## What this task involves
An exact copy of the listing is required, with its pictures removed.

## Given data
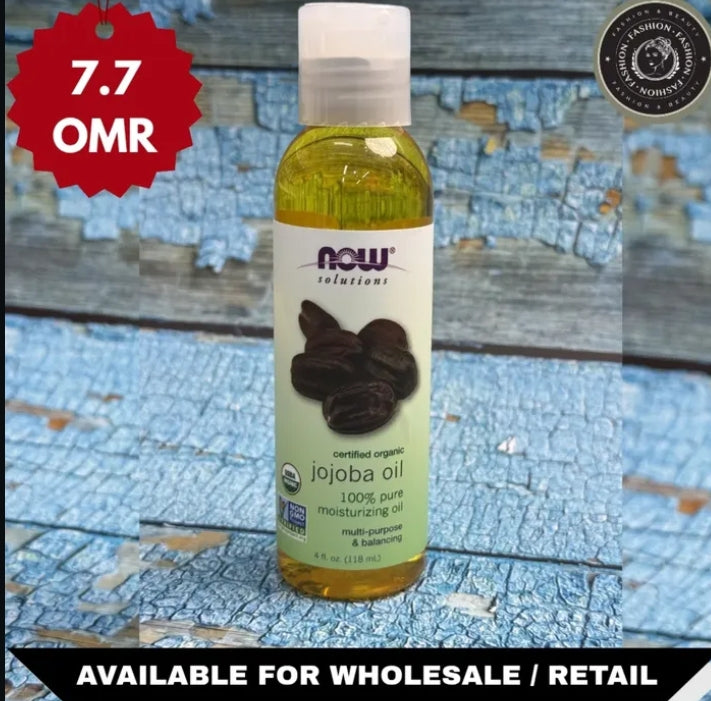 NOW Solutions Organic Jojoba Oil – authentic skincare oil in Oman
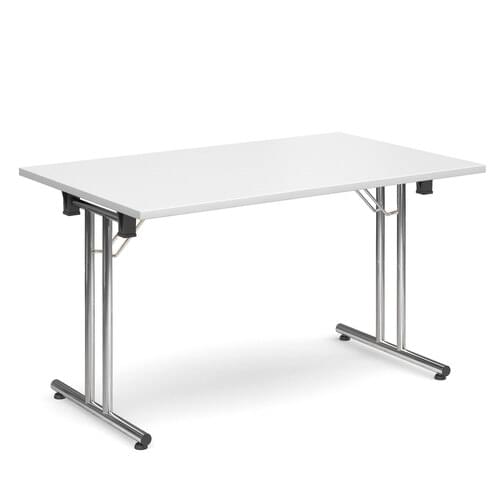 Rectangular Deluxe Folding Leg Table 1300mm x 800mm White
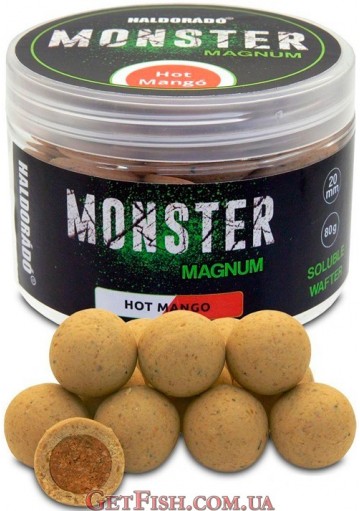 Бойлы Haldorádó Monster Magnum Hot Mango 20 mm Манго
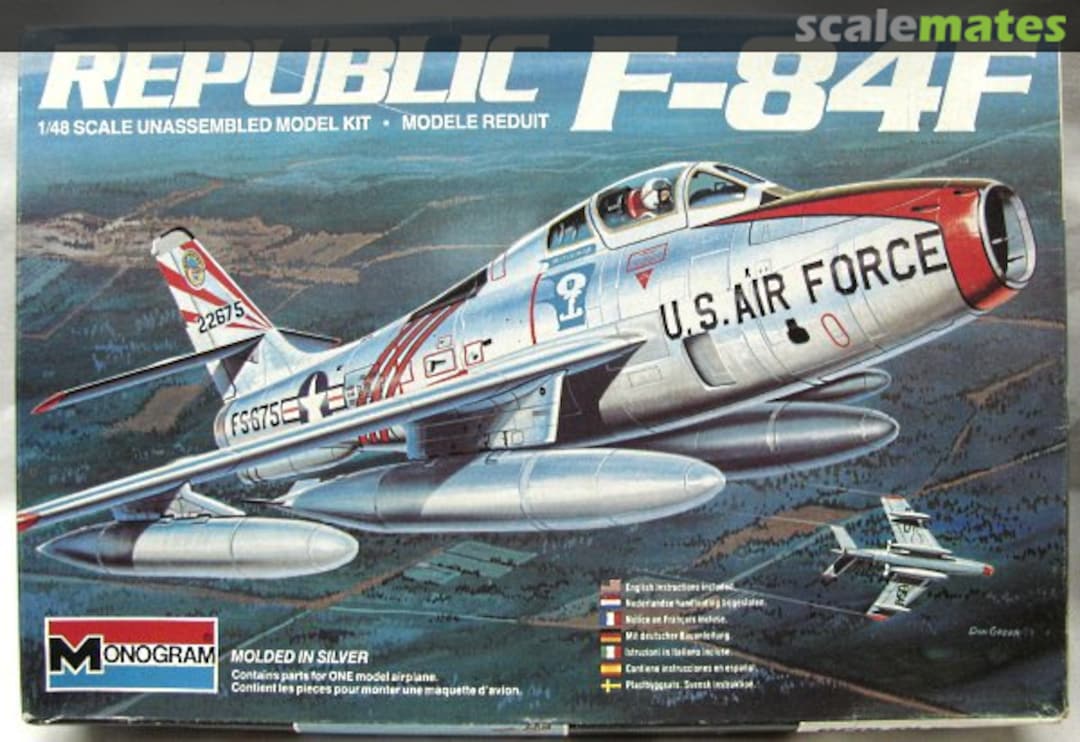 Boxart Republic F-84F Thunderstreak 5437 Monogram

## Exercise solution
 NOW Solutions Organic Jojoba Oil – authentic skincare oil in Oman
 Rectangular Deluxe Folding Leg Table 1300mm x 800mm White
 Бойлы Haldorádó Monster Magnum Hot Mango 20 mm Манго
 Boxart Republic F-84F Thunderstreak 5437 Monogram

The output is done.